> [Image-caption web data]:
--- START ---

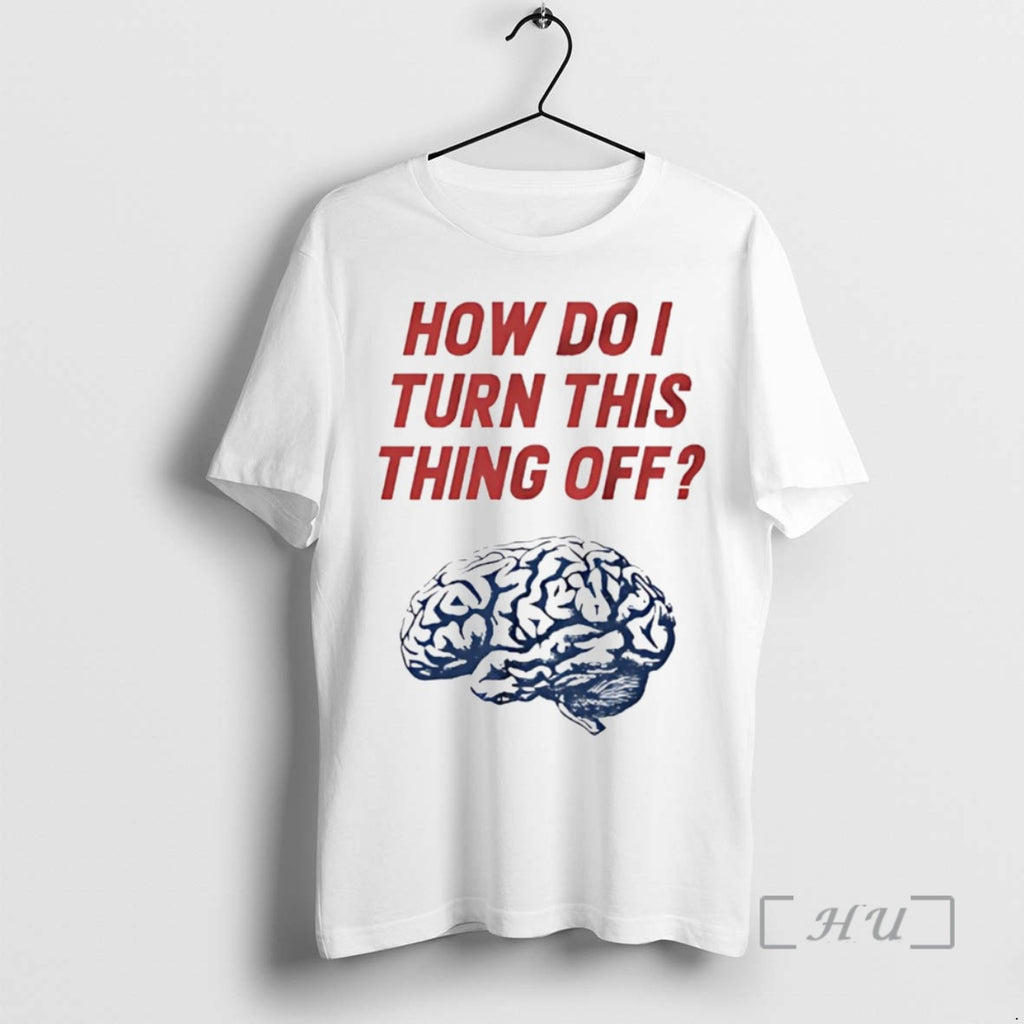 Trending Brain How Do I Turn This Thing Off Premium T Shirt Sweater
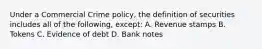 Under a Commercial Crime policy, the definition of securities includes all of the following, except: A. Revenue stamps B. Tokens C. Evidence of debt D. Bank notes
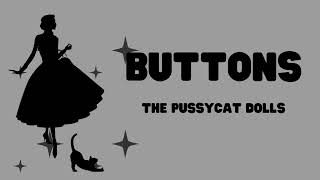 The Pussycat Dolls  Buttons  Lyrics [upl. by Sonnie481]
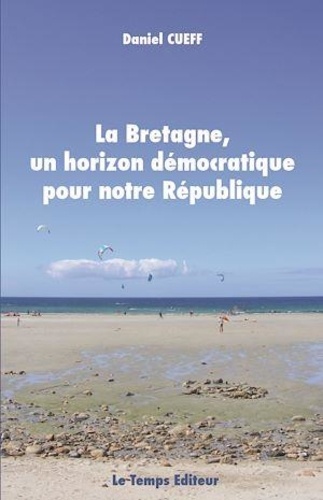 Daniel Cueff - La Bretagne, un horizon démocratique pour notre République.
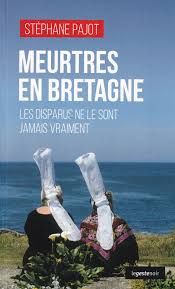 Meurtres en Bretagne de Stéphane Pajot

--- END ---

> [What is expected]: Write out, word for word, only the lines from the one containing "Daniel Cueff - La" to the end of the data above; the pictures stay out.

> [Task output]:
 Daniel Cueff - La Bretagne, un horizon démocratique pour notre République.
 Meurtres en Bretagne de Stéphane Pajot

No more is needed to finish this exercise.